On the 996 I've been using the VAG stuff (from VW). On the Duc I've used the BMW stuff. ON just about everything else it's whatever's on sale at the local parts store. On my Pilot I ran Honda but Hondas are so sensitive.
What stuff do you like? Oh, of course the race car gets water and redline water wetter.
Toyota Red, or pink (pre mixed) if I can't find the pure Red anymore.
It depends on the system and what it originally used for coolant. If it originally used old school green or a G-05 type HOAT, I put G-05 in it (after a good flush if it previously had green). Anything with an oddball factory coolant I usually feed it the factory stuff.
My Fords and Mazdas get old school green, even though they came with Ford Gold coolant. But they also get full flushes every 18 to 24 months without fail.
Anything that NASCAR uses is a no. Everything else is fine.
LOL. Race cars should be using enhanced water just in case of an accident, right.

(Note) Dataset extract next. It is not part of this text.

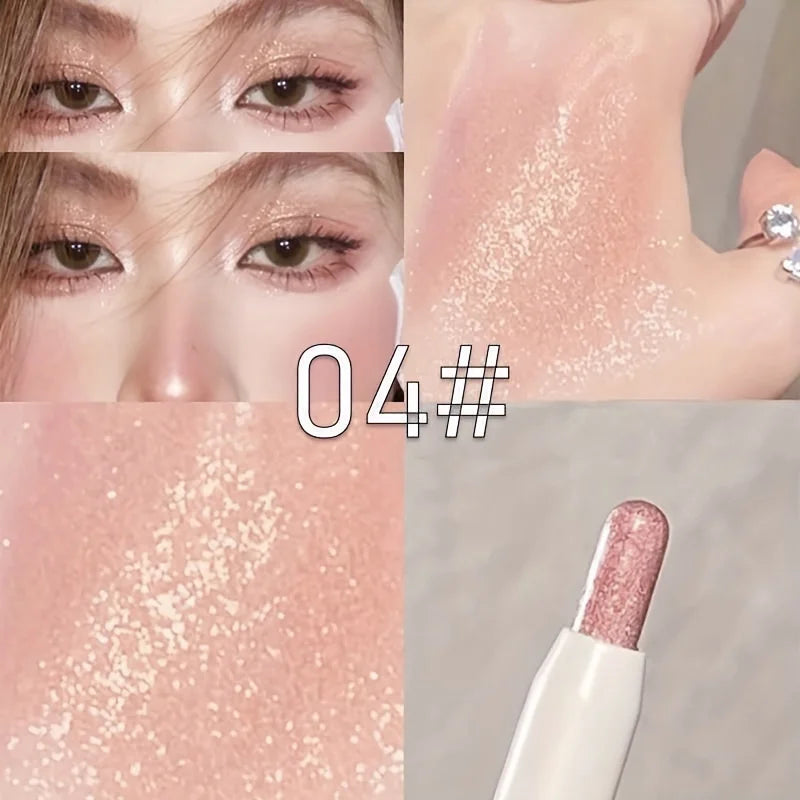 Pearly Glitter Eyeliner & Highlighter Pen - Waterproof, Sparkling Under Crease Eyeshadow Stick For Monochrome Eye Makeup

Whatever green stuff is on sale in everything except the Colorado. It still has Dexcool in it.
I think the best actual coolant I used was Evans NPG, but it has some pretty huge drawbacks.

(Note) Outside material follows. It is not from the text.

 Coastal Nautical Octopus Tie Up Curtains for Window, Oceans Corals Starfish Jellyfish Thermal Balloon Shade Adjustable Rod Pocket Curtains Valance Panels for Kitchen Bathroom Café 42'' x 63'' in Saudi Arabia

I put it in a tow mule with a Caddy 500 when I lived in CA. The nice part was that since it didn't have any water in it, I didn't care when it hit 250 degrees climbing a mountain with my foot to the floor in 100 degree weather towing 10k lbs. No ping, no boil, no damage.
Downsides:
- the system uses a non-pressure or low-pressure cap, so you always smelled coolant
- if you developed a leak, it was expensive to replace what you lost (and not fixable with a quick trip to AutoZone)
- It was not quite as thermally efficient since it didn't have water, so other things had to be considered like increasing flow around the thermostat, bigger radiator.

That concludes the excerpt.